# Elishewitz mid-tech vs. Gen III Hinderer XM18



## smokelaw1 (Nov 30, 2009)

I've posted this on another board too (slightly different version)..

OK, so here's the thing...first off, I use knives. I don't buy them so they collect dust. Now, I don't abuse them, and if I need a REAL heavy use knife, I am carrying a fixed balde, usually a Busse. That said, I have batoned on a few large folders if REALLY neccesary. Again, I'd rather use the Fusion Battle Mistress if I need to split wood!

Anyway, I've been trying to decide between a Elishewitz mid-tech (part machine made, part hand made), and a Gen III Hinderer XM-18. 
I have small sebenza for smaller daily carry. They are both about the same cost, size. I have NO first hand knowledge of the Elishwitz, as I have only handled some of his full custom folders of different styles. These two knives are pretty different, as I am not neccesarliy looking for a bomb-proof pre-capable beast, but I do want a strong, rugged folder that can stand up to serious use. 

I love the looks of both, but I liked the black coated modified wharny of the Elsihewitz a little better, and I pulled the trigger and ordered it. It should be here by the weekend. I'm super excited, and sure I'll love it.

Now, I've never heard someone regret buying an Elishewitz, and I will likely carry and use it just as (almost) hard and often as the hinderer....but, I can't stop thinking about the hinderer.

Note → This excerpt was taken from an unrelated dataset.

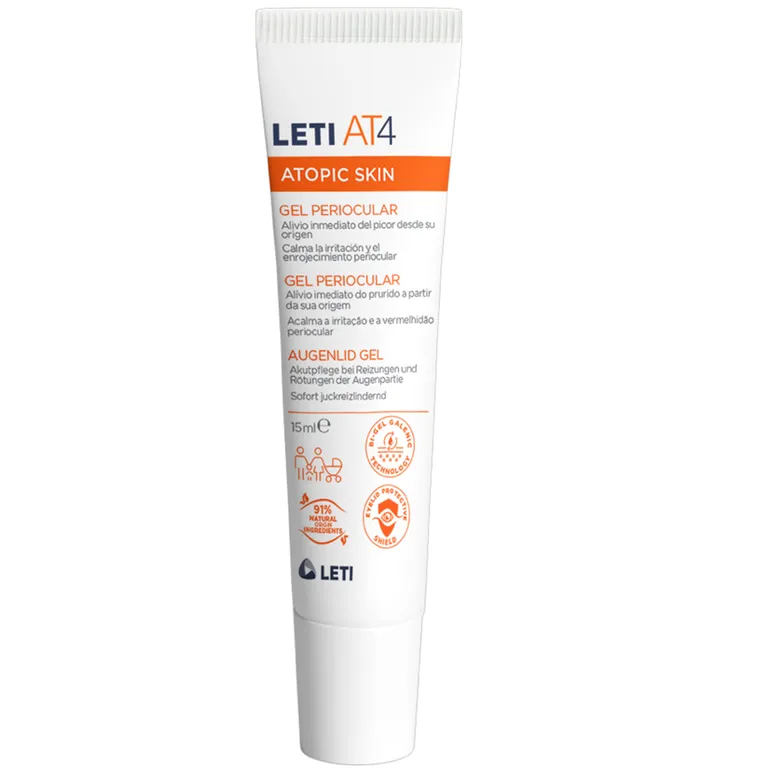 shopapotheke LETI AT4 Augenlid Gel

Do I need the XM18 too? HOW MUCH heavier duty is it? Did I make a horrible mistake (again, not that an Elishewitz is ever a horrible mistake) in my choice? SHould I have gotten the XM18 first (there is still one available to me if I decide I need to "get both!")? Will I be so thrilled that I'll forget about it? 


Short version: Somebody tell me I bought a great knife, I'll be happy with it, and I dont' "NEED" the hinderer right now as I have heavy duty knives I carry when I need them and the Elishewitz is heavy enough duty to handle anything that might reasonably come my way.


----------



## JB in SC (Nov 30, 2009)

Allen's mid tech knives look exceptionally nice. I would seriously doubt you will regret getting one.

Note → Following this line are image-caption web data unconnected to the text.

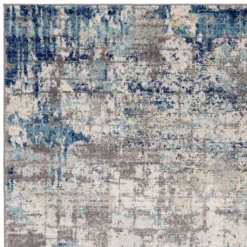Nova Illusion Blue NV40 Rug -Julian Charles NovaIllusionBlueRugNV40 2New
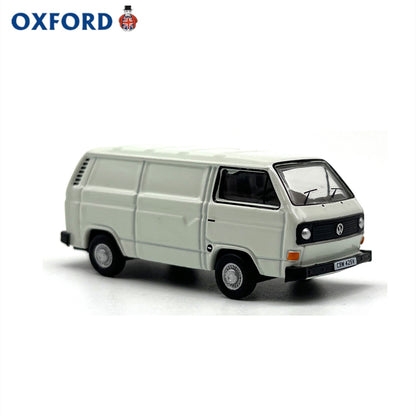 1/76 Scale Volkswagen Type 2 T25 Van Diecast Model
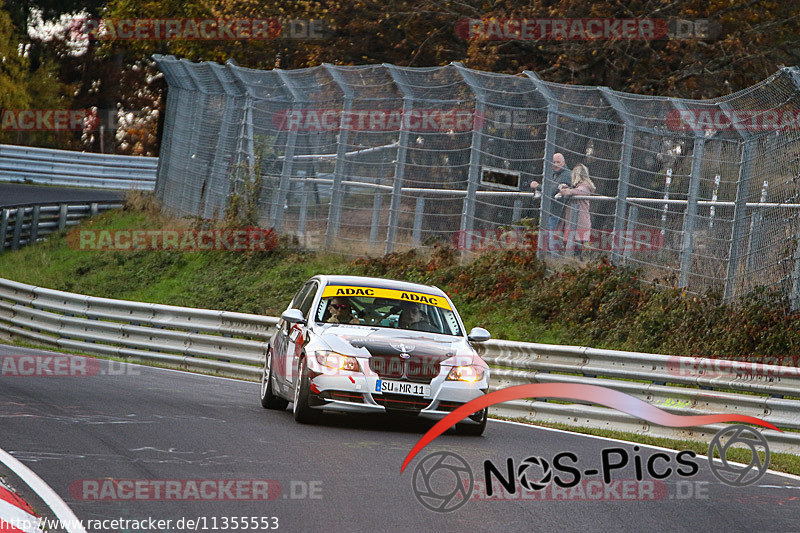 Bild #11355553 - Touristenfahrten Nürburgring Nordschleife (31.10.2020)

It's my opinion that you are comparing apples to oranges (button lock to frame lock). Personally, I think a properly executed frame lock is the strongest folder locking mechanism.

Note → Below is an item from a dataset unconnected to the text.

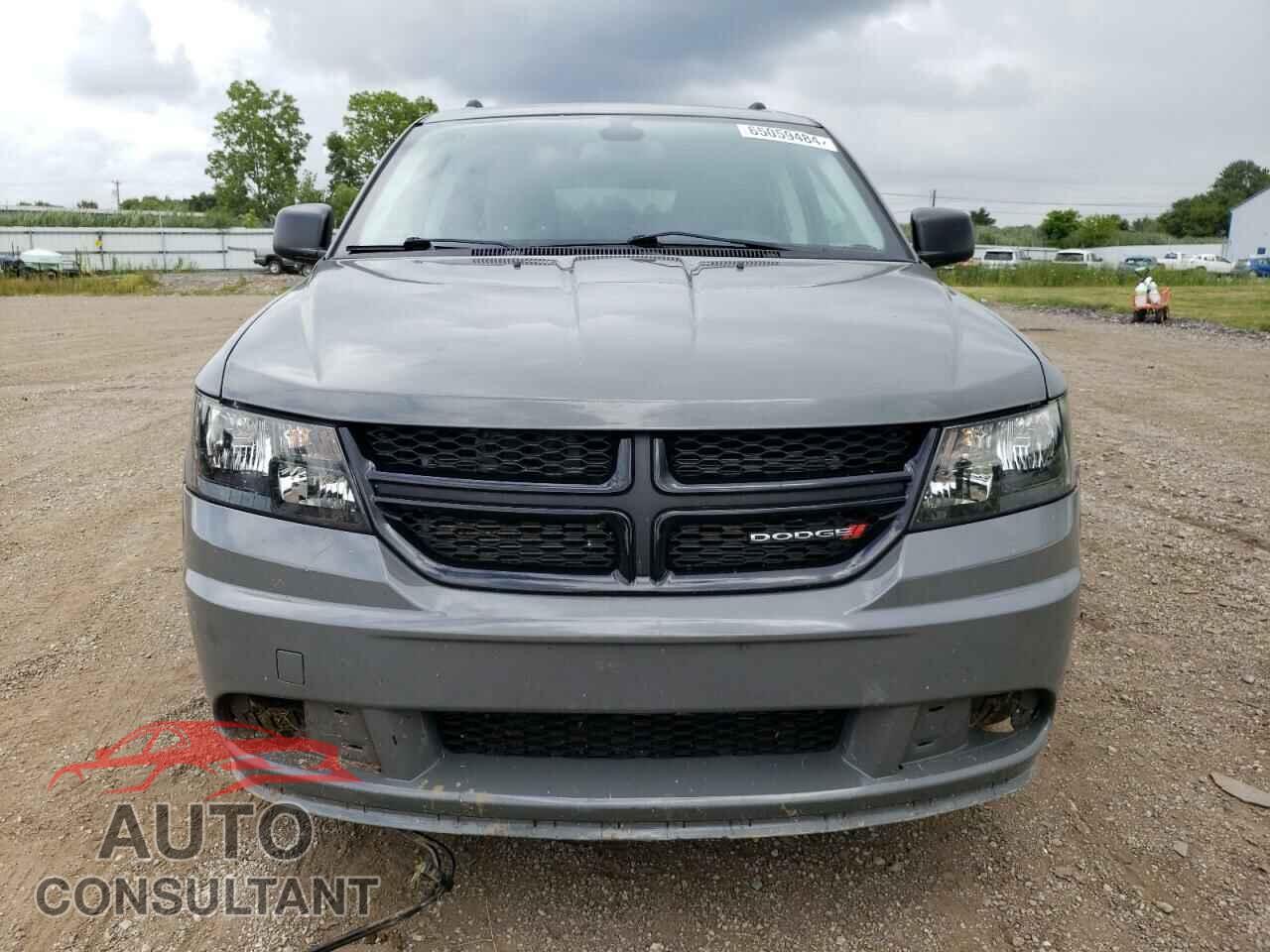 DODGE JOURNEY 2020 - 3C4PDCABXLT226378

One of the neat features of the XM-18 is the ease with which one can change the scale.

As info, I don't have a dog in the fight since neither design is offered in a true left hand configuration.

Get both...


----------



## Knife Boy (Nov 30, 2009)

Allen's knives are awesome. I have 5 of his customs, and a midtech on the way as well. I actually can' wait to get it. His buttonlock mechanism is nothing short of beautiful. Rock solid lock up and buttery smooth. Allen stands behind his stuff too.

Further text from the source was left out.